# Data excerpt
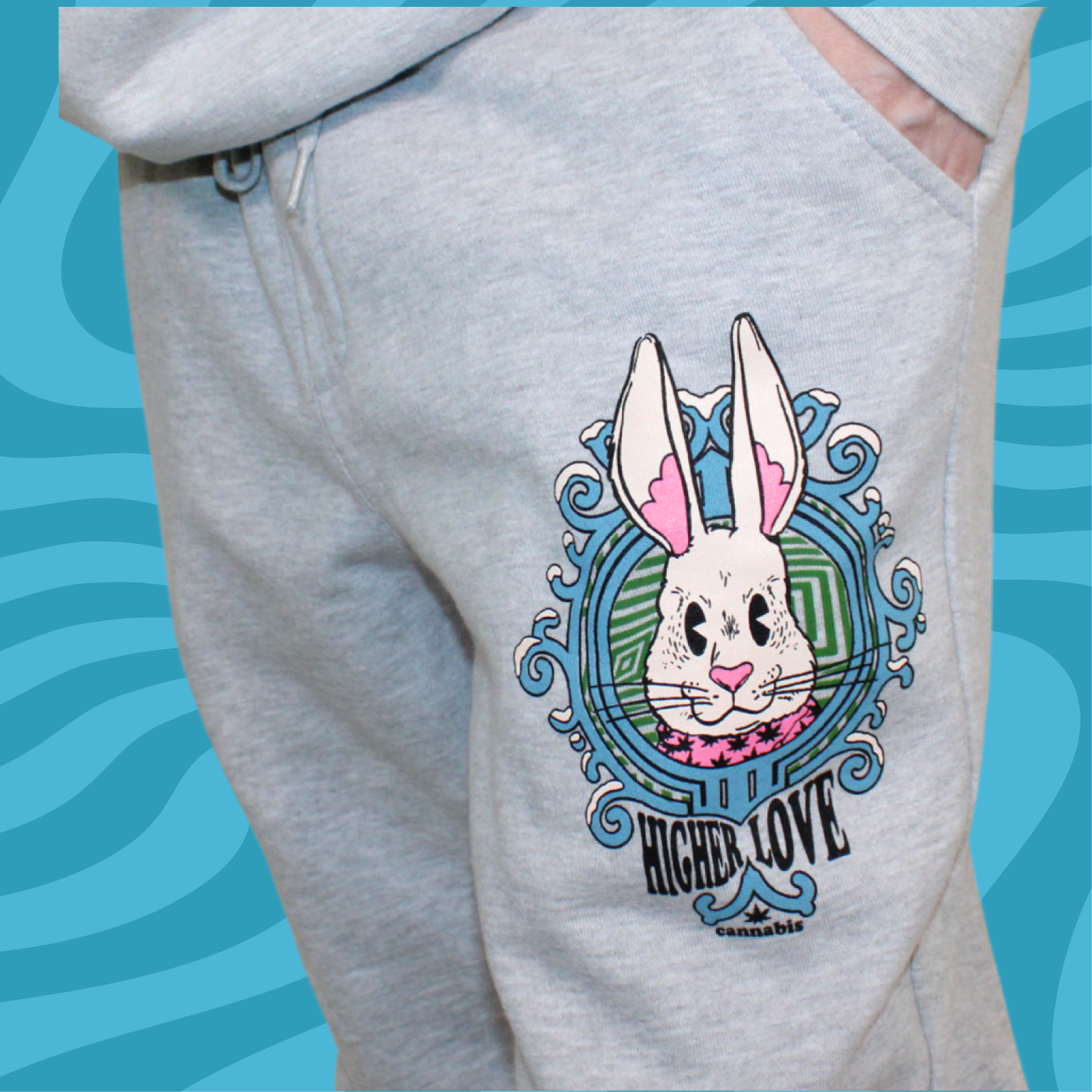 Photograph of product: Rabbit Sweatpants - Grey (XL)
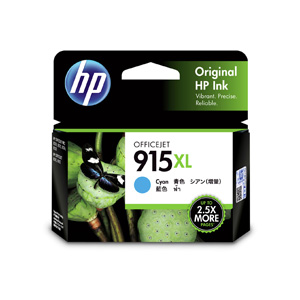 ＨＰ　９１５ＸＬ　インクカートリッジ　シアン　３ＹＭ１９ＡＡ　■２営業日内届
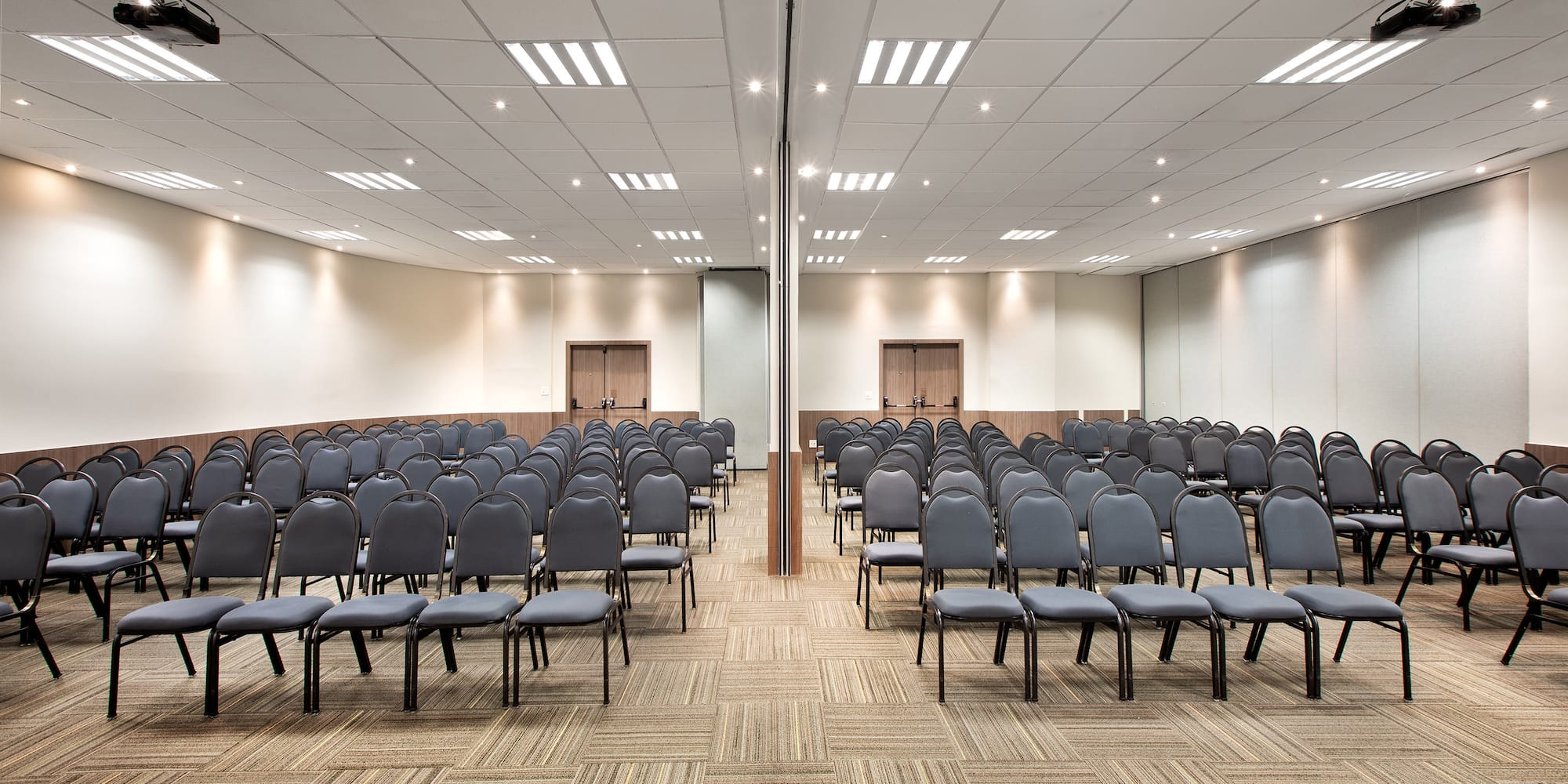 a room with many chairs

# Problem to solve
Set down the material exactly, every line of it, except for the pictures.

# Exercise result
 Photograph of product: Rabbit Sweatpants - Grey (XL)
 ＨＰ　９１５ＸＬ　インクカートリッジ　シアン　３ＹＭ１９ＡＡ　■２営業日内届
 a room with many chairs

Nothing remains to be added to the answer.